Florida school districts challenging state rules on masks, quarantines
LAKE MARY, Fla. - Six school districts have challenged a revised Florida Department of Health rule that seeks to block student mask requirements and allow parents to decide whether children go to school after being exposed to people with COVID-19.
Attorneys for the school boards in Miami-Dade, Broward, Orange, Duval, Alachua and Leon counties filed the challenge late Wednesday afternoon at the state Division of Administrative Hearings. The districts have required students to wear masks to try to prevent the spread of COVID-19, bucking Gov. Ron DeSantis’ administration on the issue.
The challenge contends, in part, that the Department of Health overstepped its authority with the rule, which allows parents to "opt out" of student mask requirements. The school boards also allege that the rule is "arbitrary and capricious" and that the department improperly issued the rule as an emergency measure.
The challenge was filed as the State Board of Education prepared to meet Thursday afternoon to consider whether as many as 11 school districts have violated the Department of Health rule.
In a statement released prior to the conclusion of the State Board of Education meeting, Orange County Public Schools Superintendent Dr. Barbara Jenkins said it was legal, necessary, and reasonable when the Orange County School Board directed her to implement a mask mandate in the district on Aug. 24 for all students, unless a medical opt-out note was provided.
Orange County Public Schools Superintendent Dr. Barbara Jenkins
Dr. Jenkins said the decision was driven by an alarming rise in COVID-19 positivity data at the time. She noted that in the week before the mandate was implemented, the Florida Department of Health in Orange County reported the county’s coronavirus positivity rate was 18.3%, with 609 cases per 100,000 residents. That met the U.S. Centers for Disease Control and Prevention's "red status" threshold of high transmission of infection.
"In OCPS, we saw concerning numbers of new cases, including a record-high 382 the day before that board meeting. I want to assure you that our greatest concern was the safety of our students and staff," she added.
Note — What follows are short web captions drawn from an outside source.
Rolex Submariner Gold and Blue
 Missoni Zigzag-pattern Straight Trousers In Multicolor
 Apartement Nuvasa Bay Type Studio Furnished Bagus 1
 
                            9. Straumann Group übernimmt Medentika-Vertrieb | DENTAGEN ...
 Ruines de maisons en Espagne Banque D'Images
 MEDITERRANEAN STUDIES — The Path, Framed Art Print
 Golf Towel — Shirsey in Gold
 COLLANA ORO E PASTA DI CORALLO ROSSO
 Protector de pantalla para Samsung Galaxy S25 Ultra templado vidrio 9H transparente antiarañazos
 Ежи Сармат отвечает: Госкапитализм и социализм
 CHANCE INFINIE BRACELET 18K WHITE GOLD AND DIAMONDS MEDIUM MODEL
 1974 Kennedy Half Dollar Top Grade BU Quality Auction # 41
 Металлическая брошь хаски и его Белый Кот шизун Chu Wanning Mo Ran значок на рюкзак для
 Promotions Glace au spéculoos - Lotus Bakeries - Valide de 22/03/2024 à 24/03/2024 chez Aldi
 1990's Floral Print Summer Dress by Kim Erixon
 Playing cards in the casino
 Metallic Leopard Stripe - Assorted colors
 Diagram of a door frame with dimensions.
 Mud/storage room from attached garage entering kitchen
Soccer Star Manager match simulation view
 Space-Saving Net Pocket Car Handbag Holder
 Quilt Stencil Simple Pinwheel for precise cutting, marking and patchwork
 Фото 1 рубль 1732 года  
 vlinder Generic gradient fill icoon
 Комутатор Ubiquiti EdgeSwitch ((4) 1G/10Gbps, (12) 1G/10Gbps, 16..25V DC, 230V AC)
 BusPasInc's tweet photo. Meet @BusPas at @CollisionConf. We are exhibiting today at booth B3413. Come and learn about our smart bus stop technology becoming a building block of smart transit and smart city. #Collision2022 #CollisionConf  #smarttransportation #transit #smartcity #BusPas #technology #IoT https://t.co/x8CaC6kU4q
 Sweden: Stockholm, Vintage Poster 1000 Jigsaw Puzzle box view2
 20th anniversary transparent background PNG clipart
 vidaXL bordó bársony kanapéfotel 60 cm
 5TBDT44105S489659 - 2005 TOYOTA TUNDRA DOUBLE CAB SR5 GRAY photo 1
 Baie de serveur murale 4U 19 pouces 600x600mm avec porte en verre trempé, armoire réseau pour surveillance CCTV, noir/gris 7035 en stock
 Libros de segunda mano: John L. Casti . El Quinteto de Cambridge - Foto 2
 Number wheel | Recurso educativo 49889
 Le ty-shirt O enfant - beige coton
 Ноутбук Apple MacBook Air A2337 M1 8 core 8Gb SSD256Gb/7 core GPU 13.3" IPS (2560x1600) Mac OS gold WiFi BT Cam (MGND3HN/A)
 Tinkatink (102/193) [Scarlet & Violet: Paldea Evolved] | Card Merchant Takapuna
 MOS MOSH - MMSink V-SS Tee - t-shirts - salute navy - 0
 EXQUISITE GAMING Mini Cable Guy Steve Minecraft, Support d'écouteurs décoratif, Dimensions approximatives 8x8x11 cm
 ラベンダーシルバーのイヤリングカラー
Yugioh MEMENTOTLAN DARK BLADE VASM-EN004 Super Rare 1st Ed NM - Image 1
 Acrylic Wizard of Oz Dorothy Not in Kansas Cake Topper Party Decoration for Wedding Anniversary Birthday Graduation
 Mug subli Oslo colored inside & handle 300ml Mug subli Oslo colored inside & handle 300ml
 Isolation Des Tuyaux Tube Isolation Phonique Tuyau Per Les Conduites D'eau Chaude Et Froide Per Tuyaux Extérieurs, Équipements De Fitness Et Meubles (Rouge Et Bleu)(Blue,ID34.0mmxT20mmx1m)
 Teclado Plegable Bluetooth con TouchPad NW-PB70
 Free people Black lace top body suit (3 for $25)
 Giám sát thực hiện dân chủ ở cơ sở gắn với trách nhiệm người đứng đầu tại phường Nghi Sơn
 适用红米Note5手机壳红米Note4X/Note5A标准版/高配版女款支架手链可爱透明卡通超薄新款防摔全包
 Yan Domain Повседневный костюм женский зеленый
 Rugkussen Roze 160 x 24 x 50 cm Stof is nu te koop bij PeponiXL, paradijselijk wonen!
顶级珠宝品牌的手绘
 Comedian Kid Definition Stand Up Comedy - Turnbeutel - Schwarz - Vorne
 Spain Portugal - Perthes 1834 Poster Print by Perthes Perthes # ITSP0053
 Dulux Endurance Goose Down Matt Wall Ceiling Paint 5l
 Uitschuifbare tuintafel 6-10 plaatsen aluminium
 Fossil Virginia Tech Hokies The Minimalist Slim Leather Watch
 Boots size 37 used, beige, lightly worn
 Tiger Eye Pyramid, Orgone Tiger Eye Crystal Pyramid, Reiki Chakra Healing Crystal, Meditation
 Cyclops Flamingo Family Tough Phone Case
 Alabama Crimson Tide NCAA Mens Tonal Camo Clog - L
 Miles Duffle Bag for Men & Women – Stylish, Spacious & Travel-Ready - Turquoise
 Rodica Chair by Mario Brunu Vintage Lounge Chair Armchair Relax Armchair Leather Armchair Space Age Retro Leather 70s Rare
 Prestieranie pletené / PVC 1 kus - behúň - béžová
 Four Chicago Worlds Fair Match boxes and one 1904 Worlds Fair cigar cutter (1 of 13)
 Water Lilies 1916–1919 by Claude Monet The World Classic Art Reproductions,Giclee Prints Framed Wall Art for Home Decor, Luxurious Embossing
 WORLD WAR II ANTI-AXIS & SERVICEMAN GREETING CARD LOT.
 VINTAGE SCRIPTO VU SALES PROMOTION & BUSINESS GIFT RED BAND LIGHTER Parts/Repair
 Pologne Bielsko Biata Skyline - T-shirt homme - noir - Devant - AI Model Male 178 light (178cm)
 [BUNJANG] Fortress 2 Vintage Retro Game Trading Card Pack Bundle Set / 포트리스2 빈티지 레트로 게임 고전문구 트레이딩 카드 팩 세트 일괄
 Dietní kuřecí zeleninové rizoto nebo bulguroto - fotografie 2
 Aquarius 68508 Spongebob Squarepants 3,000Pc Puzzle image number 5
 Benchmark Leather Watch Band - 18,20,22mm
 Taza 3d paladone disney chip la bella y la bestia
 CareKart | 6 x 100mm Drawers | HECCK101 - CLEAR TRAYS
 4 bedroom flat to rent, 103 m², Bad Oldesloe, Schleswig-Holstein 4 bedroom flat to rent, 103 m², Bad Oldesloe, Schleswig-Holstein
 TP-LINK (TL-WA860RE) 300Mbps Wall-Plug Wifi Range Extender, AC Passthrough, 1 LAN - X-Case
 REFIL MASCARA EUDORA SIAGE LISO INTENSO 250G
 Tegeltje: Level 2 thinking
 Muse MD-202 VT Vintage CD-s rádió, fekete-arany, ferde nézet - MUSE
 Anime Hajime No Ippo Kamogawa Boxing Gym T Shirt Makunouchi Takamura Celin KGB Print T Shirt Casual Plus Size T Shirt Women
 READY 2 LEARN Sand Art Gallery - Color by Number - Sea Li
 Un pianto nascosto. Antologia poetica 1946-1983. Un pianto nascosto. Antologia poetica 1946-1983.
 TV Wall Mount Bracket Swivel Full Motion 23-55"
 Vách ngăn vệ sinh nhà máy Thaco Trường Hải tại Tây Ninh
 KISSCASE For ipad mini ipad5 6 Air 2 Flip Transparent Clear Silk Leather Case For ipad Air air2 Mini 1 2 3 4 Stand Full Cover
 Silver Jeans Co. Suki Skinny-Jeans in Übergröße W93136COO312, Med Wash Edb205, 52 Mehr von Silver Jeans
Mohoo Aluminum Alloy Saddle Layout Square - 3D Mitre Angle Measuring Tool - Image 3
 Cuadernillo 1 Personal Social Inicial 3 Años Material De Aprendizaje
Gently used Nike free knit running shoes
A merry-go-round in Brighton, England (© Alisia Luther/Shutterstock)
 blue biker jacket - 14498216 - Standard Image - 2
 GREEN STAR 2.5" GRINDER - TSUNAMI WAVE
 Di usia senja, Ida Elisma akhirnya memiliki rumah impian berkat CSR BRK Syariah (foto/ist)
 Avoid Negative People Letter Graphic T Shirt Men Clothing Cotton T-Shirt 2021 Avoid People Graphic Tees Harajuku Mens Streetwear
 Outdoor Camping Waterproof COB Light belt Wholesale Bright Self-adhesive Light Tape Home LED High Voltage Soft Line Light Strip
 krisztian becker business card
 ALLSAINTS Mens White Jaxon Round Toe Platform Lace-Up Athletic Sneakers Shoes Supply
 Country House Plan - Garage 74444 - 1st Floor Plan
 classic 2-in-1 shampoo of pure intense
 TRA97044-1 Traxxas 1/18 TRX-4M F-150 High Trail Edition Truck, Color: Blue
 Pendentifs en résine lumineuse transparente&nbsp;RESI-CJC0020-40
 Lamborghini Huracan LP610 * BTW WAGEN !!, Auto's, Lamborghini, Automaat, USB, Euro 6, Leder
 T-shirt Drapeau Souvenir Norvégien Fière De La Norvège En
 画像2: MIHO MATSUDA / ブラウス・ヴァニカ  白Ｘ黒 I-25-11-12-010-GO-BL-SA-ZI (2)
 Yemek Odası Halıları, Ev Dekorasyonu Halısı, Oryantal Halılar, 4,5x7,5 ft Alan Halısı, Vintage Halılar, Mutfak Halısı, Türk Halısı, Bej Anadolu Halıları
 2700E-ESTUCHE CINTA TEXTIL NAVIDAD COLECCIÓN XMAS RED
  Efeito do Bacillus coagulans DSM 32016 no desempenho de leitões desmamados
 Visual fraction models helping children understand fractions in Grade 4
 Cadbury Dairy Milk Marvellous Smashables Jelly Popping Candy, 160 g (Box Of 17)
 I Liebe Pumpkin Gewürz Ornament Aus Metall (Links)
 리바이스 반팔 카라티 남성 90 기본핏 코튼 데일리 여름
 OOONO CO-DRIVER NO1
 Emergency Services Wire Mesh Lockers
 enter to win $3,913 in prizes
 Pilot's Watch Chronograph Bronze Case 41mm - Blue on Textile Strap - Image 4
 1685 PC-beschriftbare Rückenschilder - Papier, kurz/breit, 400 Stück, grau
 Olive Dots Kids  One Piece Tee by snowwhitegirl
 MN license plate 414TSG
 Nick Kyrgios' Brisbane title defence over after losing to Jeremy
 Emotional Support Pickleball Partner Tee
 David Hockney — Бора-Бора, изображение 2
Dr. Jenkins said the district's mask strategy has had a positive impact on the data.
"In September of last year, we had 220 positive cases with about one-third of our students in attendance. By the end of October, we had experienced 4 school closures--pivots to virtual learning. This year, in September we had 3,107 positive cases in our schools, with full attendance. To date, we have had no school closures. We have seen a sharp decline in positive cases after the mask requirement took effect, and health care professionals have commended the intervention," she said.
The Department of Education has already imposed penalties on Alachua and Broward counties, withholding money equal to the amounts of school-board member salaries --- though the federal government has stepped in to cover the lost money.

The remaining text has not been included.